In any ev ent, nightime IR won't work looking out a window - reflection of the IR just closes everything down with these.

The Hauppauge stores .ts format (can convert to mpeg but it takes more room) and that plays well on Videolan.

The Swann has a 32 GB flash capability BUT comes with a 2 GB card. Still, if motion recording is set to 3 minutes, you can get a lot.

Downfall is, the IR nightime is crappy for picking up shadows due to IR LCD flicker. Need to be aimed well away from nearby objects, which kind of defeats that.

In any event, I just run the Hauppauge recorder from Dusk til Dawn (sounds ominous, don't it?).


----------



## Stu_computer (Jul 7, 2005)

I'm adding this for people in a similar situation looking for possible solutions...this is low tech but very effective...

Get some wooden stakes and a ball of twine and put it along the perimeter of your property (2 sides and backyard). Keep the twine between 18 inches to 2ft so a person has to deliberately step over it. If asked simply say you are thinking of putting in a fence. It helps the ruse if you can ask a few contractors to stop by to give an (free) estimate for fencing.

Add a couple of motion sensor securtiy lights, a very effective method of letting people know they are on your property after dark...and that they are now visible to you and the rest of the neighbourgood.

1/ By doing this you establish a visible boundry. Normally, people tend to respect visible boundries.

2/ It removes the ambiguity that tresspassing was accidental and not intended. Also, if video surveilence is added it clearly establishes the visible boundry was crossed and proves tresspassing occured.

3/ A few wooden stakes and a ball of twine is very cheap and easy to maintain.

4/ You may like a contractors suggestions for fencing your yard, it's up to you if you actually do fence it and if you hire a contractor or DIY.


Simply, you have to let people know when they've crossed the line, and 'marking your territory' in an non-offensive way of doing it.

Tip: if your thinking of adding home security devices check with your insurance agent first, you may get some tips that will lower the policy rates.


----------



## Raylo (Feb 12, 2006)

I did exactly this at my parents' house along where the property boders a road where people walk back and forth to the beach. Some would stop and let their dogs go potty in the yard.... I love dogs but that is just not right. The low barrier I made out of pvc pipes hamered into the sand with a thin poly rope run through it works great for this sort of thing.


----------



## Jason (Dec 30, 2001)

Raylo thank you for the information you have posted. We have been having a problem around here with kids breaking into cars and houses. I would love to have a nice DVR system setup, but it seems like 2k-3k is the starting price for a good basic system with a couple of cameras.
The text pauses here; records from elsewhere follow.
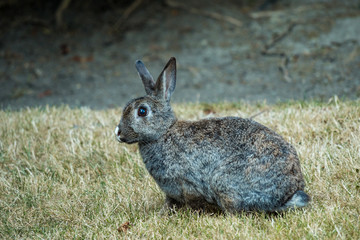 side portrait of grey rabbit sitting on the dry grass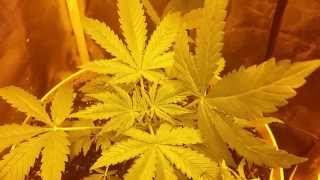 Master kush week 2 of preflower ABD week 3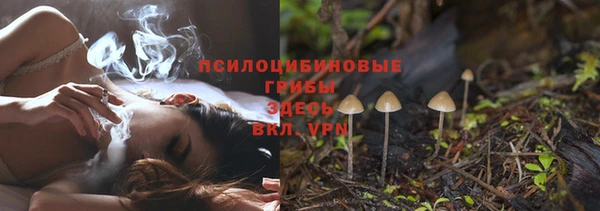 ГАЛЛЮЦИНОГЕННЫЕ ГРИБЫ Осташков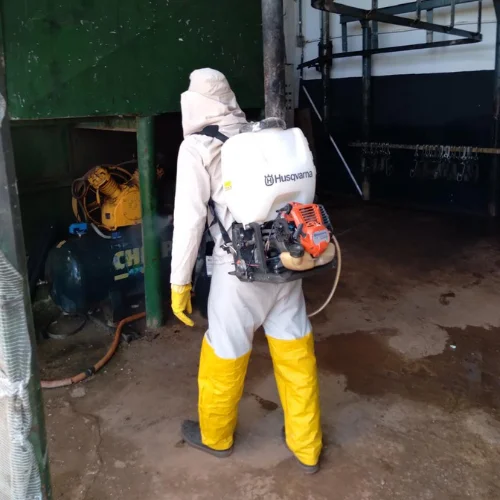 Imuniza Pest Control - dedetização profissional - controle de pragas - rondonia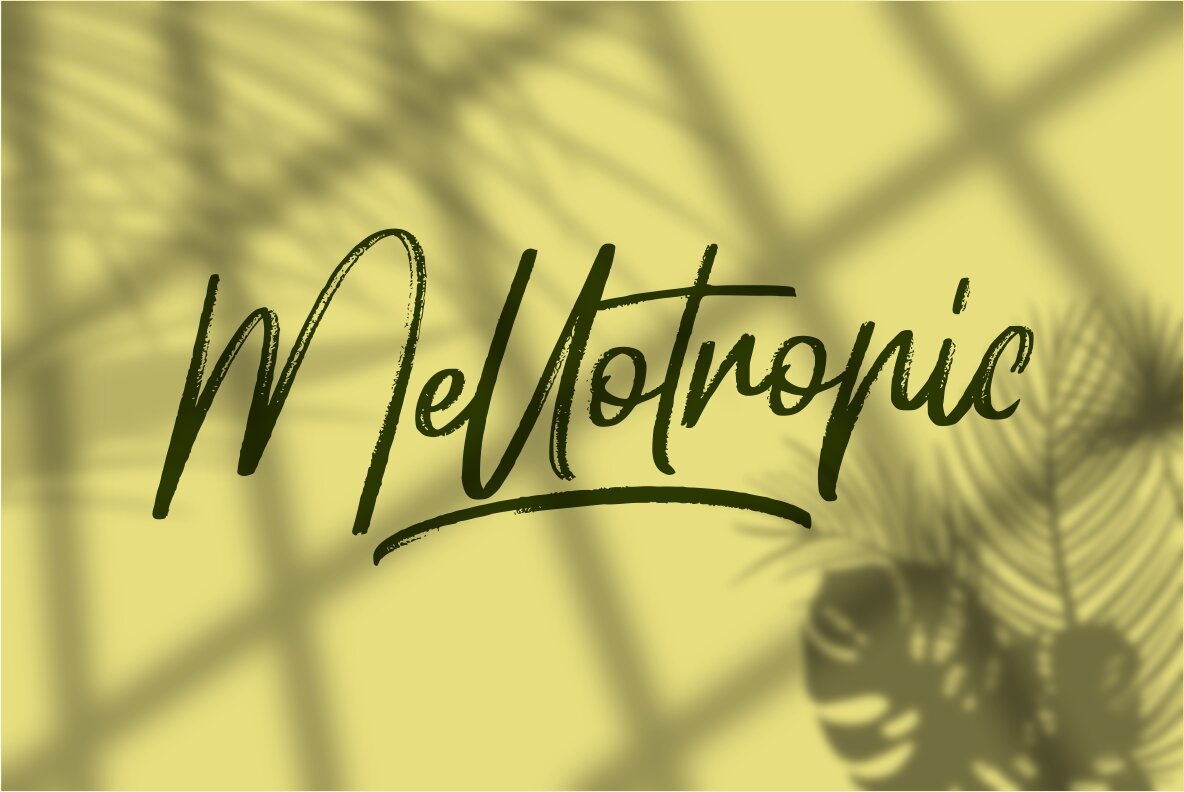 Hellotropica Hellotropica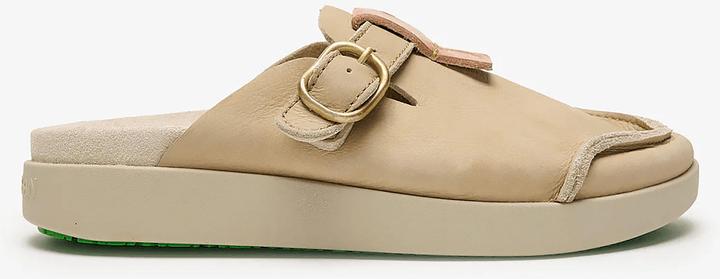 Satorisan Hoote Premium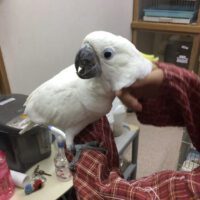 Triton Cockatoo for sale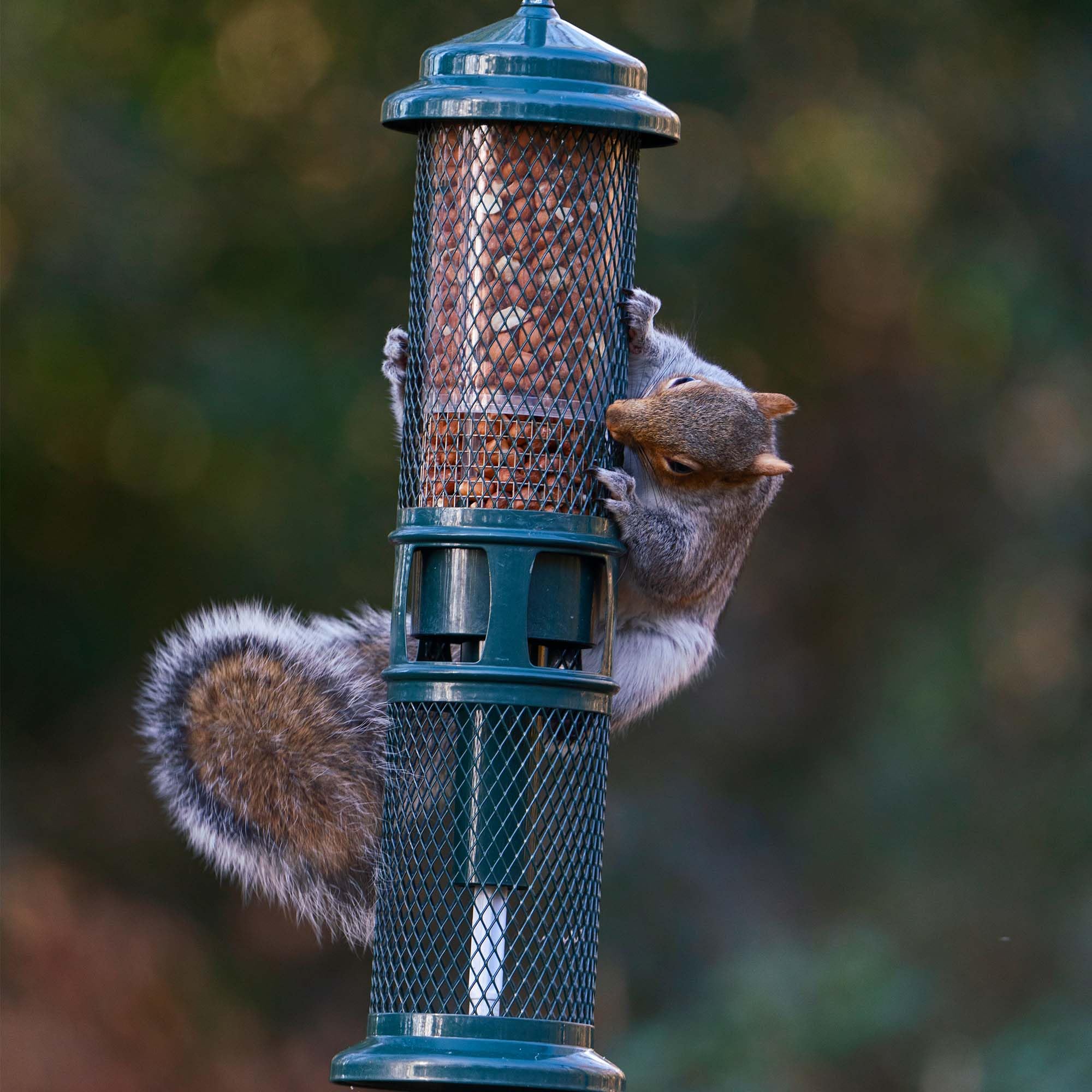 Jacobi Jayne Squirrel Buster Peanut Bird Feeder – Metal, Green, 750ml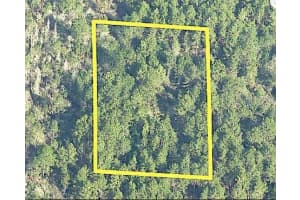 INTERNATIONAL DR S, ORLANDO, FL 32821 - MLS#MFRO6233810
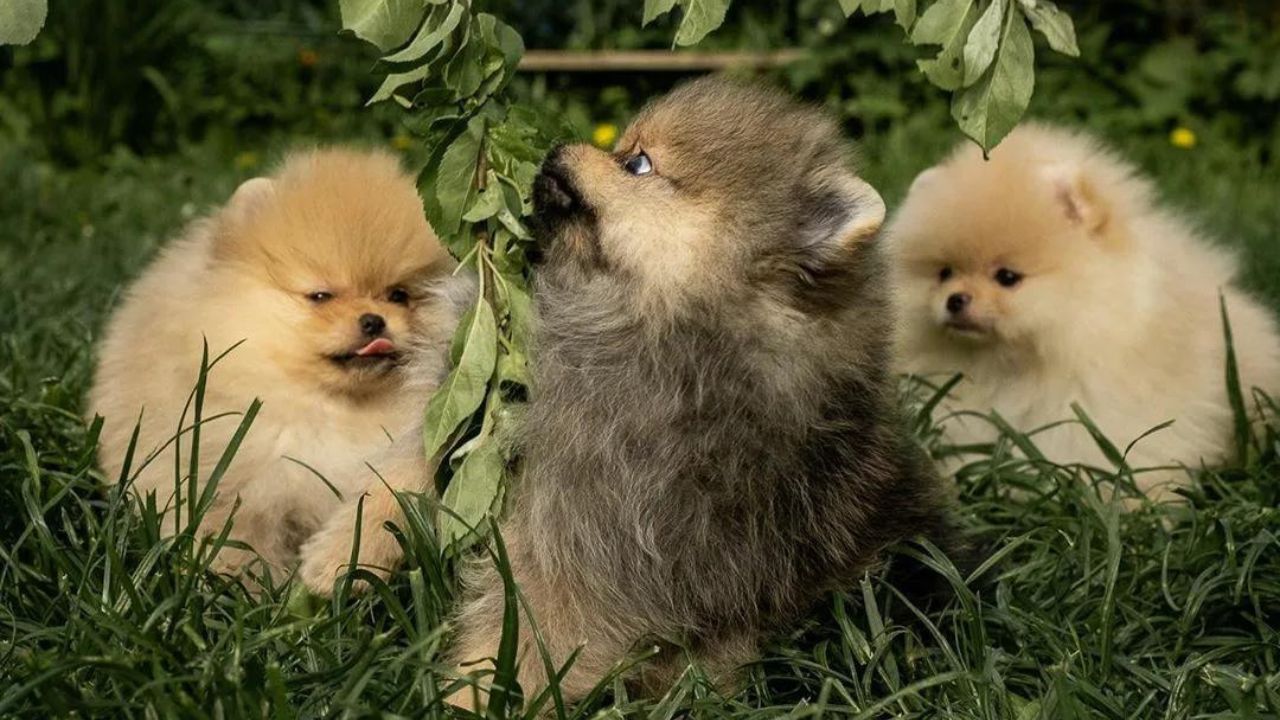 How Much Does It Cost to Buy a Pomeranian Puppy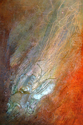 Hydra%20%20%28Cnidaria%20Hydrozoa%20Physaliidae%29 (thumbnail)
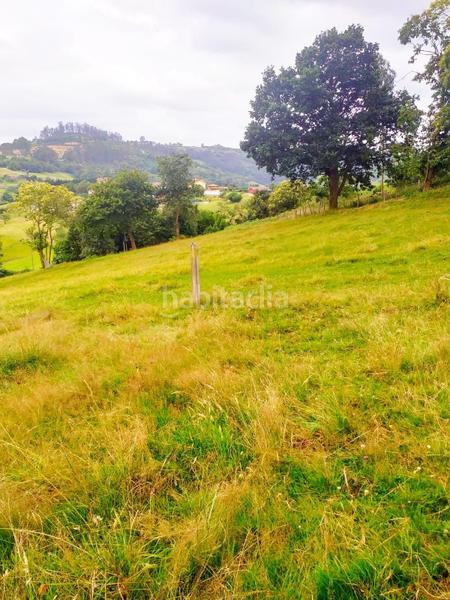 Foto f40e764d-07e8-4e94-a7ed-39677f953077. Terreny residencial a La Pedrera Gijón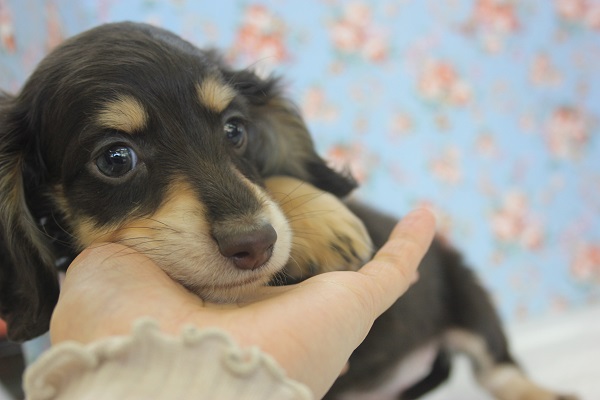 ミニチュアダックス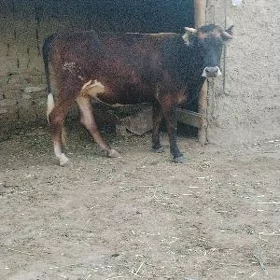 GYSYR TUWE
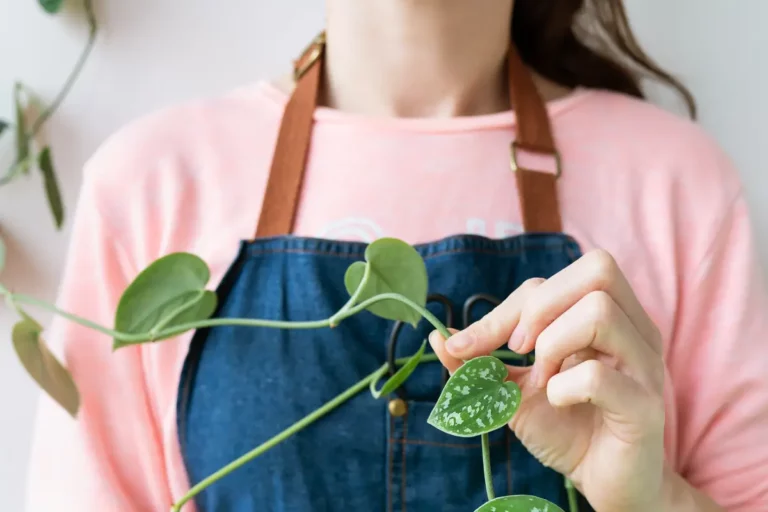 Plantes suspendues tendance lesquelles choisir ?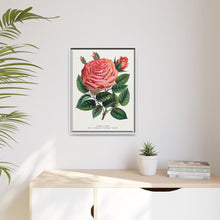 Pink rose, Glorie de Dijon lithograph. Digitally enhanced from our own original 1900 edition plates of Botanical Specimen published by Rochester Lithographing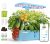 Sainlogic Hydroponics Growing System
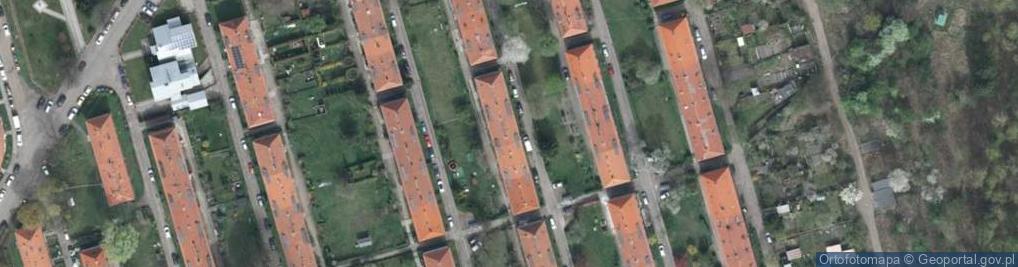Zdjęcie satelitarne Ciechocińska ul.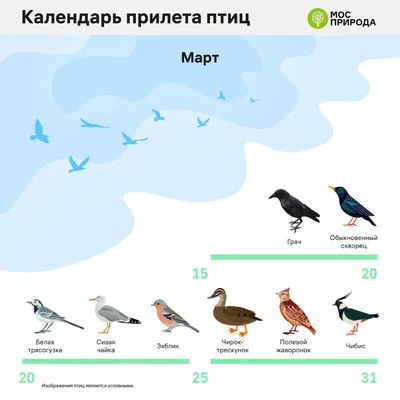Календарь возвращения в Москву перелетных птиц составили в Мосприроде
On a side note, I did purchase some cheaper trail camera's that hunters tend to use. They are working decent, but not the greatest. One is setup for pictures, the other takes a 10 second video clip. The video camera seems to have a delay or something, since I'm often capturing nothing.


----------



## 1mancrew (Dec 7, 2010)

Q-SEE makes a easy to setup and use camera system that will include everything you need. You can even use your I-Phone to log onto the DVR to see what is on each camera. you can pick up a 4 camera indoor/outdoor system for a couple of hundred that works real well.


----------